Print all lines from "apple" to "orange", but not including "apple" or "orange":

awk '/orange/ {f=0}; f; /apple/ {f=1}' fruit

Counting the on/off's. Still with "fruit", two ingenious commands based on a suggestion from developer waldner:

Print the lines between the first "apple" and "orange", but not the second, and vice-versa:

awk '/orange/ {f=0}; f && c==1; /apple/ {f=1; c++}' fruit

awk '/orange/ {f=0}; f && c==2; /apple/ {f=1; c++}' fruit

A two flags trick. The flag commands shown above are OK for finding lines between a first starting pattern and a first ending pattern.
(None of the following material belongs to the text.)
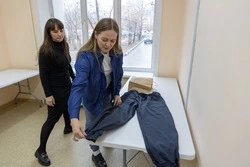 Новую мастерскую для пошива одежды на СВО выделили волонтерам Южно-Сахалинска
If the situation is more complicated, as in this list of fruit names (a file named "tricky"), things get tricky:

pear

apple

apple

cherry

orange

orange

lemon

raspberry

apple

strawberry

apple

loquat

feijoa

orange

loquat

The usual commands won't work for finding just the names between the closest-occurring "apple" and "orange". For example:

AWK has followed its instructions, and returned both the second "apple" in line 3 and the "strawberry" and "apple" in lines 9 and 10. To get just the names between the closest-occurring "apple" and "orange", two flags can be used:

awk '/orange/ {f=g=0}; f && g; /apple/ && !f {f=1; next}; /apple/ && f {g=1}' tricky

Here a line is printed only if both flags, f and g, are on. Note that this particular trick will suit this particular file, but it isn't a general solution. Two general solutions were offered by AWK wizards Ed Morton and "pk" when I posted the problem on the comp.lang.awk forum. As applied to "tricky", both solutions accumulate lines between "apple" and "orange" in a variable. Here's Morton's solution:

awk '/orange/ {if (f) printf "%s", buf; f=0}; f {buf=buf $0 ORS}; /apple/ {buf=""; f=1}' tricky

If "apple" is matched, a flag is turned on and the "buf" variable is emptied. After "apple" has been matched, the next lines (not matching "orange" or "apple") are added to "buf" because f is true, and are separated with the output record separator (ORS, here a newline). If "orange" is matched and f is true (because it has been preceded by "apple"), the contents of "buf" are printed and the flag is turned off.

The general solution from "pk" looks like this as applied to "tricky" (split over two lines for clarity):

awk '/apple/ {f=1; b=s=""; next}; /orange/ && f {f=0; print b; b=s=""; next}; \

f {b=b s $0; s=RS}' tricky

This works like Morton's solution, but uses a different order of instructions and sets the record separator as a variable.